If something about your pool’s environment is off, it might give algal blooms a chance to take hold.
Undersized Filter or Pump
If your pump and filter aren’t up to the challenge, they may not be keeping your water clean enough to stave off infiltration.
Algae thrives in stagnant water, which is a big reason why your pool circulates in the first place. If you’re not filtering at least six to eight hours per day, algae might be inevitable.
Hot temperatures and frequent rainfall can introduce nitrogen to your pool. Algae thrive on this gas, which might cause them to take up residence very quickly. Looking at all these factors, you should realize that most pool owners will have an algae outbreak at some point or another – they simply can't always be prevented. So don't feel bad if you find yourself struggling with an algae problem - what really matters is how quickly you handle it.
Treating an Algal Bloom
Below you'll find a series of steps for treating your algae-infested pool. I suggest following each one in order, no matter how bad your algal bloom problem is. In the end, the cleaning and shocking process is the only way to make sure the algae won't return.
Manually Vacuum Your Pool
We all love our convenient little robotic pool vacuums, but they aren't particularly good at dealing with algae. I suggest you get out the manual vacuum and start paying close attention to the areas where algae blooms are forming.
Take a Brush to Your Pool
Algae loves to adhere to the surface of your pool liner where it can avoid being sucked into the pool filter. If you notice any dark or shady areas forming on your pool walls, take out a pool brush and start scrubbing. This will loosen the algae and make it easier to kill.
Rebalance Your Water
A healthy, balanced pool will be a difficult environment for algae to grow. Unfortunately, the presence of algal blooms is often enough to start messing with your chemistry. Get out the test strips and check your alkalinity and pH to make sure you're not "off the grid" on either measurement.
Shock Your Pool
A calcium hypochlorite shock is the standard treatment for an algae problem. You can find shocking treatments at your local pool store. Just remember to shock your pool in the evening or overnight! If to try to do it during the day, the sunlight will inhibit the sanitizing effect by eating up the chlorine before it cleans the pool.

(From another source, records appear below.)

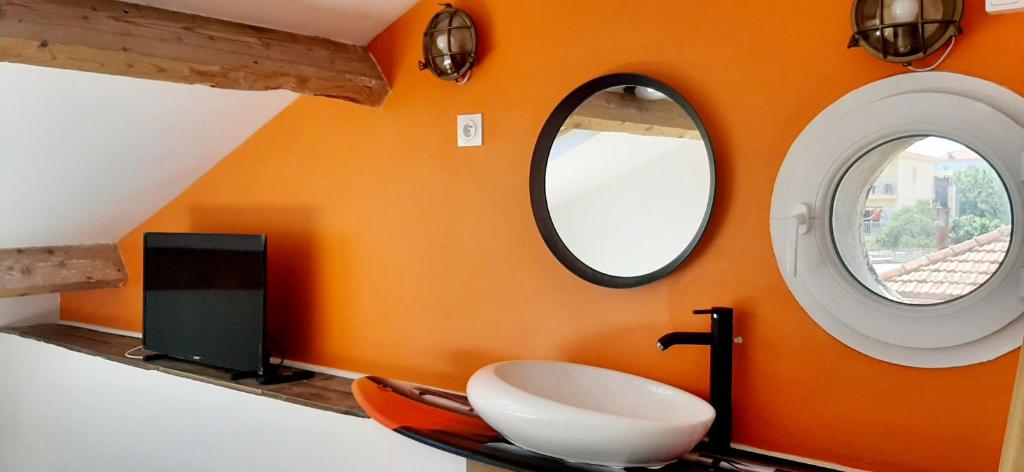 an orange bathroom with a sink and two windows at Le Paddle - station balnéaire Les Sablettes in La Seyne-sur-Mer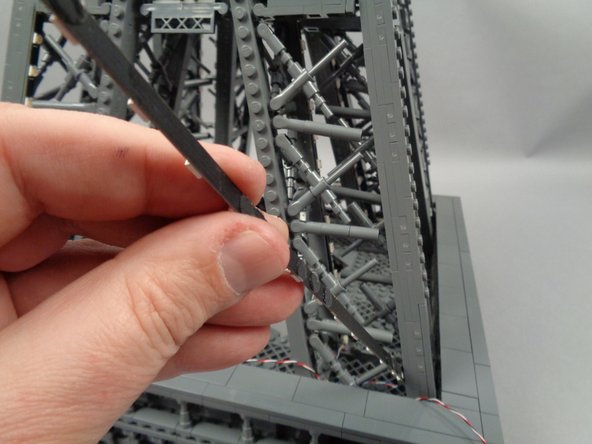 As shown in the first photo for this step, pass the end of the light strip attached to plug #2 of the adapter board into the center of the pillar.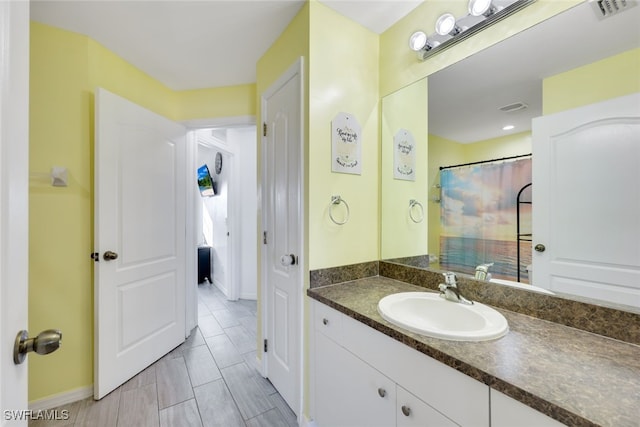 bathroom with vanity and curtained shower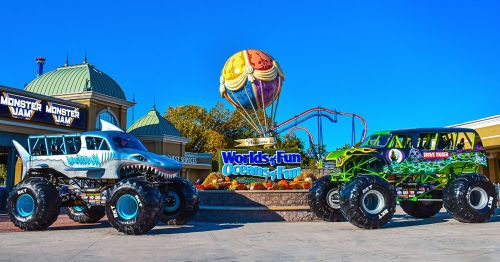 Two colorful monster trucks are parked in front of a theme park entrance with a large balloon and roller coaster in the background.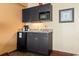 Small kitchenette with microwave, sink, and mini-fridge at 1501 S Ocean Blvd. # 530, Myrtle Beach, SC 29577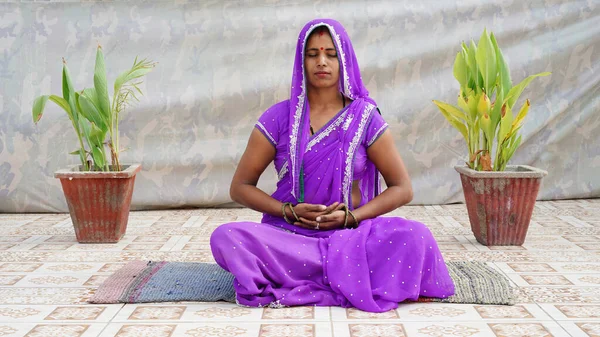 Indian village woman in traditional costume doing yoga or meditation on the roof at home.
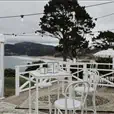 Multiple white bentwood back rest bar stools at a formal event venue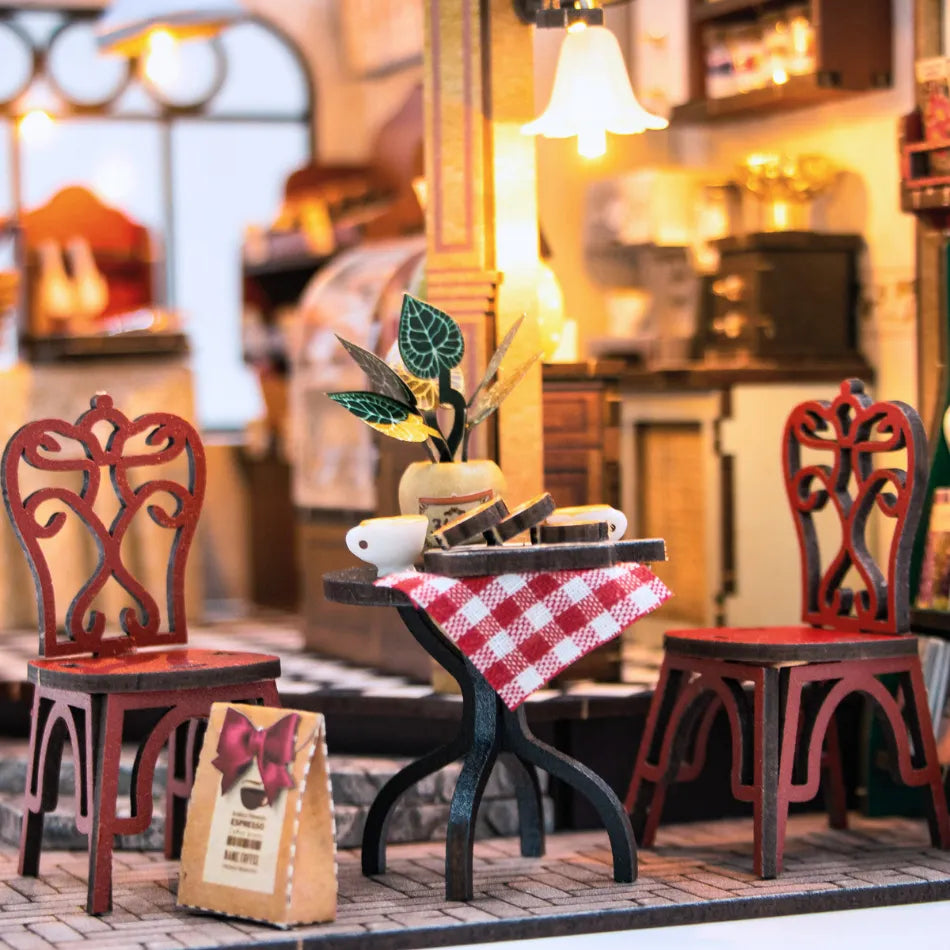 Miniature table with chairs and a checkered tablecloth in a blurred indoor setting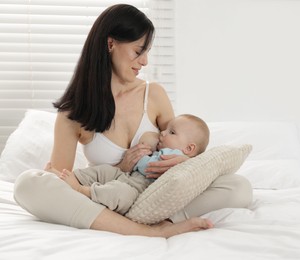 Photo of Smiling mother breastfeeding her little baby on bed at home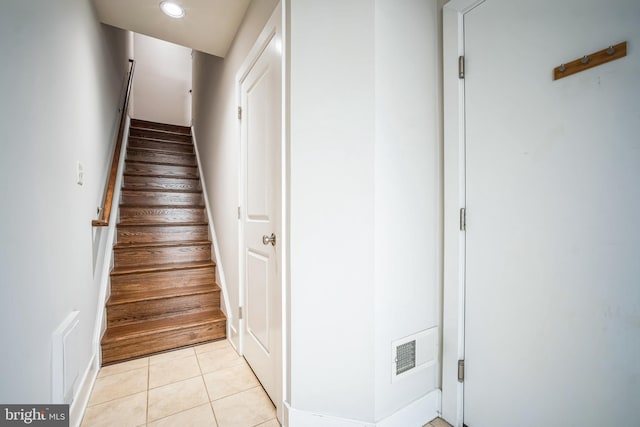 stairway featuring tile patterned flooring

As an added tip, put your cleaning tools in the shallow end of the pool so that they get sanitized as well.
Run the Filter
The second half of the shocking process is to continuously run your filter for 8-12 hours. Post shock, your water will be a cloudy blue color with a high chemical content. The only way to get it back to normal is to cycle all the water through the filter. At this point, you may want to add a clarifier product to aid in the process.
Clean the Filter
The last step in the process is to carefully clean your filter so that all the microscopic algae particles don't get circulated back into your pool. I suggest soaking the filter in diluted muriatic acid to be sure, as sometimes algae are remarkably tough to kill. Alternatively, consider replacing your filter altogether.
An untreated algal bloom will ruin you and your family's summer pretty fast. I suggest you stay ahead of the problem by testing your pool daily. You'll also want to tell your family to keep their eyes out for any cloudiness or other signs that algae might be starting to take hold. Sure, the shock process may take a few days to complete, but it's preferential to taking your daily dip in a pool full of slime.